# [Work to be completed]
In the listing below, find the line containing "Dance Workout Stats — 271" and the line containing "Obraz premium Ornate, unique". Repeat exactly those two lines and every line between them.

# [Provided records]
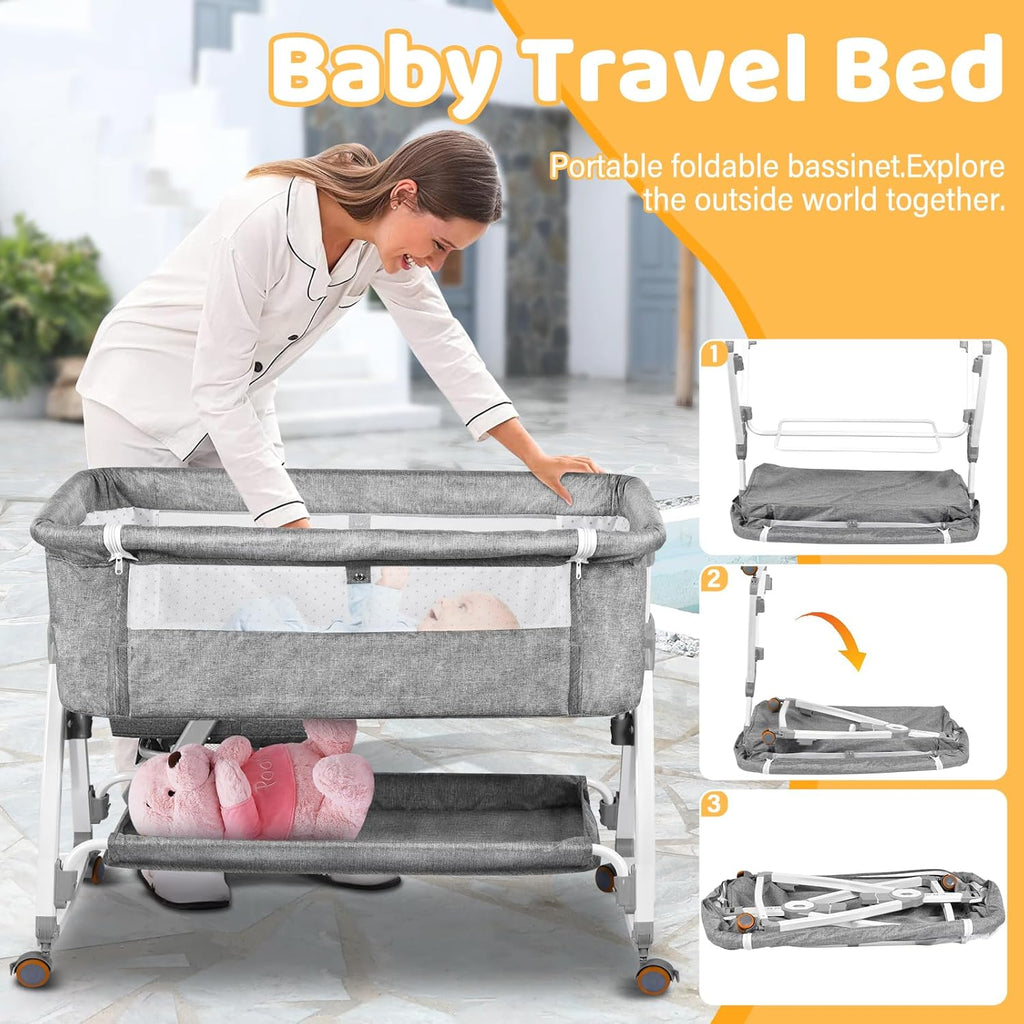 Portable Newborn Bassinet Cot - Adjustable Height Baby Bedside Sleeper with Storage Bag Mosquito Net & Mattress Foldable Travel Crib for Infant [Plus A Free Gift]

---

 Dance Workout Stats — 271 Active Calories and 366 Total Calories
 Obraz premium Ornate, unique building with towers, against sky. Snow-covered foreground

# [Written answer]
 Dance Workout Stats — 271 Active Calories and 366 Total Calories
 Obraz premium Ornate, unique building with towers, against sky. Snow-covered foreground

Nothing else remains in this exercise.